━━ Data to process ━━
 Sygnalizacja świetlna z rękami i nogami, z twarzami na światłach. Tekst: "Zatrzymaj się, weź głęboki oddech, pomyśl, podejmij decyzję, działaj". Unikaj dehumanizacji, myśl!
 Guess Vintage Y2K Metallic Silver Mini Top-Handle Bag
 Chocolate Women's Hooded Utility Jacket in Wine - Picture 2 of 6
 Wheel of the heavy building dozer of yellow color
━━━
━━ Data to process ━━
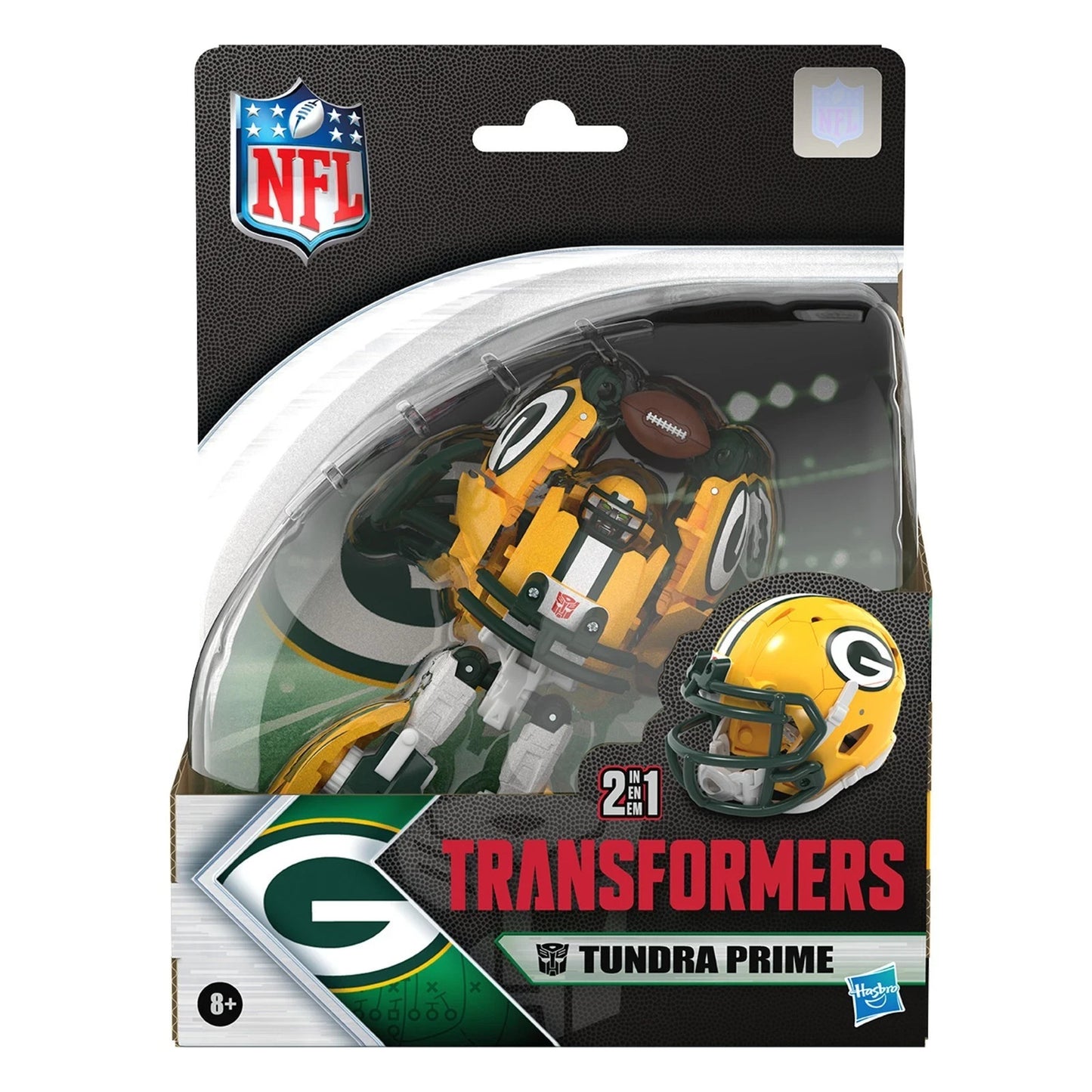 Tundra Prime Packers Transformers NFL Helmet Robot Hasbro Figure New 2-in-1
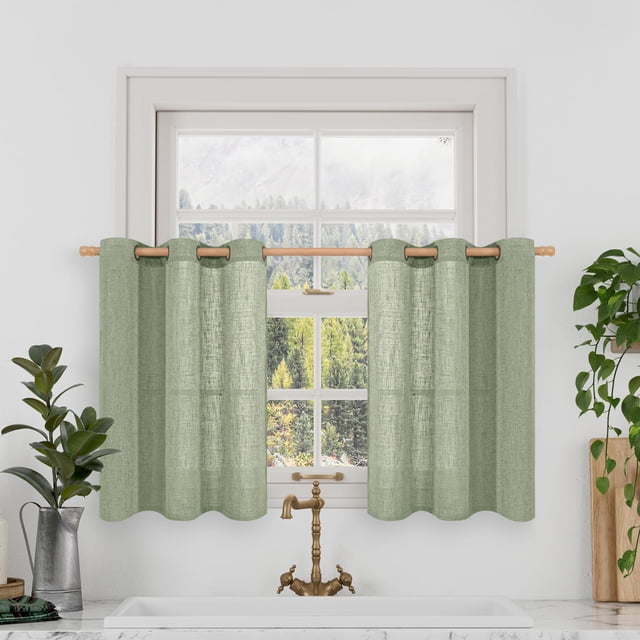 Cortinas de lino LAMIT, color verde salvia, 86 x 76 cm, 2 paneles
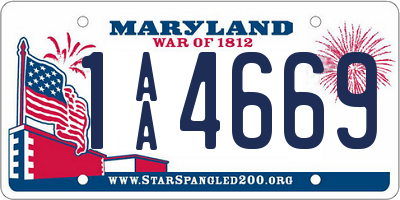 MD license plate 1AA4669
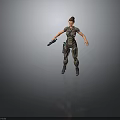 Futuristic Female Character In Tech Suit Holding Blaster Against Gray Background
━━━
Of the lines above, quote exactly those from the one with "Cortinas de lino" through the one with "Futuristic Female Character", ends included; pictures stay out.

**Task response**.
 Cortinas de lino LAMIT, color verde salvia, 86 x 76 cm, 2 paneles
 MD license plate 1AA4669
 Futuristic Female Character In Tech Suit Holding Blaster Against Gray Background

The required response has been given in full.